On the market for a smidgen over $2.2 million, the recently completed three-bedroom family home just a quick jaunt from Phillippi Creek Restaurant is a testament to Ferguson’s business acumen.
“I did what I wanted to do,” the Michigan native explains. “I was always working for someone else, so I decided to build this house to my own design – I wanted to break away from other people’s aesthetics. I wanted to demonstrate what I can really do.”
It meant tearing down the original house that stood in the way of his dreams, but Ferguson, who worked on the project with architect John Ziemnicki, of Bradenton-based World Design Inc., has no qualms about that. “It was a piece of property that needed to be demolished,” he says. “It was a risk, but I think Sara and I made the right decision building this house.”
Mention the pejorative “McMansion,” and Ferguson bristles. “I’m totally anti that concept,” he says. “This house has an appeal to someone with a ‘less is more’ approach to life; someone who demands attention to details that I have achieved, but maybe wants to downsize. Maybe they want quality, but not quantity.”

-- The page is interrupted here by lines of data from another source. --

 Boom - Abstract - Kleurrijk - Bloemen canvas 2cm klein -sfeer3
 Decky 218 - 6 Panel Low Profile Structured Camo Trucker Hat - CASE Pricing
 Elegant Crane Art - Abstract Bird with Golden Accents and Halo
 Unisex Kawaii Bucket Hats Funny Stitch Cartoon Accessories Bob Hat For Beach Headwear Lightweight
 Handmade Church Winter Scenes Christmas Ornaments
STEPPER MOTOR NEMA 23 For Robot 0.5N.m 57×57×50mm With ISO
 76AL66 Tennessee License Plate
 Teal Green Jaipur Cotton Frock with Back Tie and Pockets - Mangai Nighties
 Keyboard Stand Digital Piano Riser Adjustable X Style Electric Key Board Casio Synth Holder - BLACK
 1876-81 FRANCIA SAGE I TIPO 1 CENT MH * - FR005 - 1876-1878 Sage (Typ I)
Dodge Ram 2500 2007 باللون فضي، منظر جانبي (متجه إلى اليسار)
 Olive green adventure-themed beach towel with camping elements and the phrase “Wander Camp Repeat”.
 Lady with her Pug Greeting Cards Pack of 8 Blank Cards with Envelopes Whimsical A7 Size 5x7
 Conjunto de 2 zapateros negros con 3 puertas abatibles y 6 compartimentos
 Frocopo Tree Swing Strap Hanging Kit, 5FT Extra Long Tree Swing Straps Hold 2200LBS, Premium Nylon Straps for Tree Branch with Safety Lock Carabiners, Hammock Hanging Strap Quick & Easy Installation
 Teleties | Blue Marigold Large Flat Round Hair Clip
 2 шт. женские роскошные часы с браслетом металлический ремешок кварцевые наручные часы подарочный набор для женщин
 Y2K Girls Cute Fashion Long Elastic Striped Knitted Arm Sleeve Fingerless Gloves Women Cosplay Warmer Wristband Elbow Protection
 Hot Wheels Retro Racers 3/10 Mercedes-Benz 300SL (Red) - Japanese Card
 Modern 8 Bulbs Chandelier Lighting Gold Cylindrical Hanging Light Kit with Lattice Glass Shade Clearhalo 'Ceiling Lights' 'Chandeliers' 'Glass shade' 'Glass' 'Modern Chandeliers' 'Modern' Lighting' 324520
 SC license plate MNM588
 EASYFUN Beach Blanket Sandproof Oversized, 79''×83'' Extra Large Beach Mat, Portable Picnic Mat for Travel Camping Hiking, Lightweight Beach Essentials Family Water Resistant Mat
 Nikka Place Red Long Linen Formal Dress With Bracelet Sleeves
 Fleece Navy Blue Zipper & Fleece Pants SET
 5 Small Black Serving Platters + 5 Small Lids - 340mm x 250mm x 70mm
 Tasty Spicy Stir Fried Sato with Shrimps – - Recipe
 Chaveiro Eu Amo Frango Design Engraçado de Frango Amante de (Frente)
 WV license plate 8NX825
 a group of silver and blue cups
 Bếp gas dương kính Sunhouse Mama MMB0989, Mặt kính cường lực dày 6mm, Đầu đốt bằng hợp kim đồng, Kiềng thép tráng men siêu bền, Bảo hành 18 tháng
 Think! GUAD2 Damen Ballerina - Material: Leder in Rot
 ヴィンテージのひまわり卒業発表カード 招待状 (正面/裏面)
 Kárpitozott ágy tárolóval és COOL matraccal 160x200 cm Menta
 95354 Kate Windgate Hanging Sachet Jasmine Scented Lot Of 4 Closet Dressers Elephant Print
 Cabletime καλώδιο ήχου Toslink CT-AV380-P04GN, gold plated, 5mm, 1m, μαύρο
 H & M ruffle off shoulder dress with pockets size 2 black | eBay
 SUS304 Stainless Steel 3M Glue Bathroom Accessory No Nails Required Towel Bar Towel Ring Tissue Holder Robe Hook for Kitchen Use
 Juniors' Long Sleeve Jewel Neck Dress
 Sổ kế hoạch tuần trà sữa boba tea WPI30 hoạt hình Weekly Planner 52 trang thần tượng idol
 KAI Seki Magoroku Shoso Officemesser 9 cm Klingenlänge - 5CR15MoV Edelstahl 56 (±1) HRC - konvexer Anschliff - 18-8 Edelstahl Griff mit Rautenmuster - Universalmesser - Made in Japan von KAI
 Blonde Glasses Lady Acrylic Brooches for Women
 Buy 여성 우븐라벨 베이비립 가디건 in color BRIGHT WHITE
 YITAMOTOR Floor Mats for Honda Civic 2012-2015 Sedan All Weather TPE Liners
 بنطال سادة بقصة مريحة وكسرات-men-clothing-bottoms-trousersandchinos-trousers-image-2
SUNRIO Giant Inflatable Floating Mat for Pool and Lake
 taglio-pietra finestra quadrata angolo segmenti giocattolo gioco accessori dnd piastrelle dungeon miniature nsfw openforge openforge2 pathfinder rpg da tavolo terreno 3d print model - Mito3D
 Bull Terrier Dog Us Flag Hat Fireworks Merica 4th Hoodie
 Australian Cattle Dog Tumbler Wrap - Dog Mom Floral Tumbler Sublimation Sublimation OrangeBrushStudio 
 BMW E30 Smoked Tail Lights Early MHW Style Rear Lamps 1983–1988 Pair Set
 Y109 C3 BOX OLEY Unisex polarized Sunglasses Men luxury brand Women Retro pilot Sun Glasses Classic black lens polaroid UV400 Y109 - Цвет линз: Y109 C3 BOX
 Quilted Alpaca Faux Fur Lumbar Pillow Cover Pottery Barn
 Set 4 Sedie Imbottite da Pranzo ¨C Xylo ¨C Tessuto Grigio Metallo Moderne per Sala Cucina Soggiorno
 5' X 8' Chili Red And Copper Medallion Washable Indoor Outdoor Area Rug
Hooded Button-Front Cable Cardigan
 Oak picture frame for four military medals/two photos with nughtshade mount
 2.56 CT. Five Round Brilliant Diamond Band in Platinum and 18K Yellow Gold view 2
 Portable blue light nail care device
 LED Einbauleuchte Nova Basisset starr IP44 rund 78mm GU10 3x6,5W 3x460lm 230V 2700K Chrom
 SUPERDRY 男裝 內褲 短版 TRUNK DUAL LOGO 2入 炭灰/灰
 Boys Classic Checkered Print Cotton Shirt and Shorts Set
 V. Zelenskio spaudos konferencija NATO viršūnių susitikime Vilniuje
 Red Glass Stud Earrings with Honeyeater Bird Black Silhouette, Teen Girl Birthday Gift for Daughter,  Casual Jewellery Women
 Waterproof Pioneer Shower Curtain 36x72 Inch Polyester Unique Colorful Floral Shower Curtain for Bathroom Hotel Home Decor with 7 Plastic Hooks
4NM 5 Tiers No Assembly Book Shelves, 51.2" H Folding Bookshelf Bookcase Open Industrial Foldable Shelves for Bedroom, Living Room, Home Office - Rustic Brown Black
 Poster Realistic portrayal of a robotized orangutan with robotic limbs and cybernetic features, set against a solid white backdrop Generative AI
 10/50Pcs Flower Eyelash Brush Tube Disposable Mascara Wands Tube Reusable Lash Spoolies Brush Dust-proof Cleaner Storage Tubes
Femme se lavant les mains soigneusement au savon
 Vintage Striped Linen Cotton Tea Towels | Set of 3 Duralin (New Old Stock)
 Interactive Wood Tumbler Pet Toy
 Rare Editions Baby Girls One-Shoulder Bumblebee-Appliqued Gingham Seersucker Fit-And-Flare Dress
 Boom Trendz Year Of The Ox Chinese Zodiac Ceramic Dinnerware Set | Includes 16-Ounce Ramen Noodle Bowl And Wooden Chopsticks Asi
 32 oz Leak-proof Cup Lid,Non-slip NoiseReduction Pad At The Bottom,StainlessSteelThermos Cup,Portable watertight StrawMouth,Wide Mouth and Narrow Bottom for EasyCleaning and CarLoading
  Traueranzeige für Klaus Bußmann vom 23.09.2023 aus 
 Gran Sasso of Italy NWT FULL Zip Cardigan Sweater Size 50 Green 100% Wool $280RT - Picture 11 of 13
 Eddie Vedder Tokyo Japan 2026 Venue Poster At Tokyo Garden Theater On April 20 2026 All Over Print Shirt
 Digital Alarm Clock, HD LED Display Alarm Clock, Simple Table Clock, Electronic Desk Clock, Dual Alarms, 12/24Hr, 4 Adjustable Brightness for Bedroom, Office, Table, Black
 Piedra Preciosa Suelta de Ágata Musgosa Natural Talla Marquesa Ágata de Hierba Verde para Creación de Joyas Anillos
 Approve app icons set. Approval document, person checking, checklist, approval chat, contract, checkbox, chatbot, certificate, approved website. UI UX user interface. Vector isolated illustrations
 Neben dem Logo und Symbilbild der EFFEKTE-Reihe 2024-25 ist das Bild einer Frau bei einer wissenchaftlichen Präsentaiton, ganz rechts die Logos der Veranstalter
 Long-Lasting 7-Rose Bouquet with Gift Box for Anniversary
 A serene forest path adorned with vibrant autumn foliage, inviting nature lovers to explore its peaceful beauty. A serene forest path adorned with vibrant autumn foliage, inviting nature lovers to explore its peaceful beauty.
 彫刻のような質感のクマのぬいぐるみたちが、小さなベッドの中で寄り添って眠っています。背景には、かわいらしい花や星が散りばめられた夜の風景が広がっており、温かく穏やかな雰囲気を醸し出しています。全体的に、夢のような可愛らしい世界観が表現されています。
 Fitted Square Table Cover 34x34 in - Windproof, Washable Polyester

The polished concreate floors, the luxurious kitchen and the attention to details aren’t the only selling points of the abode, which sits at a comfortable 4,615 square feet. According to Ferguson’s wife, Sara, buyers are looking to move away from formal interior design concepts, seeking instead open-plan living. “Blocked off rooms are so formal,” she says. “Very few people want to live that way now. This house has an open environment that has an attractive, contemporary style.”
Work commenced on the house last July, and while Ferguson admits that the property was built to sell quickly, he’s far from ashamed about his desire to promote his skills as both a designer and the head of a construction company. “When I moved to Sarasota I didn’t know anyone,” he says. “I didn’t know a soul. And in the building industry, it’s all about who you know – Sarasota has a good ol’ boy network going on. But this house is a showcase that proves what I can achieve.”
The couple’s future now lies with another lot on the Grand Canal.
“It’s a challenge,” Ferguson concedes. Walking around his prize possession, he notes that the economy appears to be on the up, but there are still challenges ahead for everyone in the building industry.
“I could have gone gangbusters on this house,” he says. “It’s amazing how quickly a builder can go through money. People don’t appreciate that fact. But I’m confident I will sell this house, and that my company will succeed. There’s been a lot of interest from potential buyers. It’s just a question of time.”